Dangerous either way
A single interface is dangerous enough when the information it can access is right. It is even more dangerous when, as it predictably will, it returns corrupted, wrong, or outdated information about you or your loved ones. One commentator rightly called this approach the “Database of Ruin” for the many ways it can be weaponized against anyone at any time.
We already have laws that should prevent this.

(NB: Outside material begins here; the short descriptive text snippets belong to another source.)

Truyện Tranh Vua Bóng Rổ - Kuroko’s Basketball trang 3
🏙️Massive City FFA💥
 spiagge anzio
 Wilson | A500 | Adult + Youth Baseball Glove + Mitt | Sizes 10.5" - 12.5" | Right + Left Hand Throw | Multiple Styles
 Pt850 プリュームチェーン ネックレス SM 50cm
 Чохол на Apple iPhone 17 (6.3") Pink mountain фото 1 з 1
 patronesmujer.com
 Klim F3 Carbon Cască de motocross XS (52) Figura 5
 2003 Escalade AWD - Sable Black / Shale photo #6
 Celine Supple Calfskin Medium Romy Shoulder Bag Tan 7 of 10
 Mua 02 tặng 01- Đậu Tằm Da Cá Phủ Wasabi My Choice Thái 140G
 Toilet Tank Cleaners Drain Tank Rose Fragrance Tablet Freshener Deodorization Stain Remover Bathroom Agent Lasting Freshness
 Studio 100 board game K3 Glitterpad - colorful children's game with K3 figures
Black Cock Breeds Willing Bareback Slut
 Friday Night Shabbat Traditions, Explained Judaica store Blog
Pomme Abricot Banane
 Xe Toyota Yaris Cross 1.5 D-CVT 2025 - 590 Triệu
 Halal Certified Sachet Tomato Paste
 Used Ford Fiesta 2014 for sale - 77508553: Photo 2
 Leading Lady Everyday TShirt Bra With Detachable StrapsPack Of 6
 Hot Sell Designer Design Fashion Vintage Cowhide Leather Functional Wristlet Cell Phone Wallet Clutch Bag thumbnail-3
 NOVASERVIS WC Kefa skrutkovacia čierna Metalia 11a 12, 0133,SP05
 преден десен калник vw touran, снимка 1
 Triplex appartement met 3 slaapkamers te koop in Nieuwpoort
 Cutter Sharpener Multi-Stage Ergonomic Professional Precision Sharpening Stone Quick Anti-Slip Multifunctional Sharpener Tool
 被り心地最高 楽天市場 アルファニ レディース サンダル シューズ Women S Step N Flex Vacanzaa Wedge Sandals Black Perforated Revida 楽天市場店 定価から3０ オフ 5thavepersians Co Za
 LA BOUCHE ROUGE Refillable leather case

Over fifty years ago, after the scandals surrounding Nixon’s “enemies list,” Watergate, and COINTELPRO, in which a President bent on staying in power misused government information to target his political enemies, Congress enacted laws to protect our data privacy. Those laws ensure that data about you collected for one purpose by the government can’t be misused for other purposes or disclosed to other government officials with an actual need. Also, they require the government to carefully secure the data it collects. While not perfect, these laws have served the twin goals of protecting our privacy and data security for many years.
Now the Trump regime is basically ignoring them, and this Congress is doing nothing to stand up for the laws it passed to protect us.
But many of us are pushing back. At the Electronic Frontier Foundation, where I’m executive director, we have sued over DOGE agents grabbing personal data from the U.S. Office of Personnel Management, filed an amicus brief in a suit challenging ICE’s grab for taxpayer data, and co-authored another amicus brief challenging ICE’s grab for Medicaid data. We’re not done and we’re not alone.
Team required
Fighting tech-enabled tyranny and protecting privacy and security is a team sport.
Some states are moving to defend their residents’ personal information. In California, the Assembly voted overwhelmingly to pass AB 1337, a bill co-sponsored by my organization to expand controls on data collection and sharing so that it applies to cities and counties as well as the state. It’s meant to ensure that the data about us that anyone – government or not – has gathered for legitimate reasons can’t be secretly co-opted by anyone else, including the federal government, to target, persecute, or prosecute people for seeking reproductive healthcare, for their immigration status, for practicing a particular religion, for being of a particular race, gender identity, or sexual orientation—or simply for exercising their First Amendment rights.
Over the long run, people need to be able to control their own data – when and how it’s collected, used and shared. We need strong data protections and accountability for data breaches and poor security. The U.S. is badly in need of a comprehensive data privacy law that would finally exert clear, broad and actionable controls on both governments and private companies with real accountability for any failure to protect us.
At least as to data the government has in its possession, we do have some laws already in place. But we need to push – including support for litigation, pressure on our lawmakers and public advocacy – to be sure that those laws are vigorously enforced. The pathway is not easy, and it’s made rockier by both a feckless Congress and timid courts, but it’s a way forward.
The Trump administration’s current drive toward “one interface to rule them all” should spur all of us to stand up and prevent the next Total Information Awareness. Our privacy and security depend on it.
Cindy Cohn is executive director of the Electronic Frontier Foundation, a nonprofit digital civil liberties group based in San Francisco.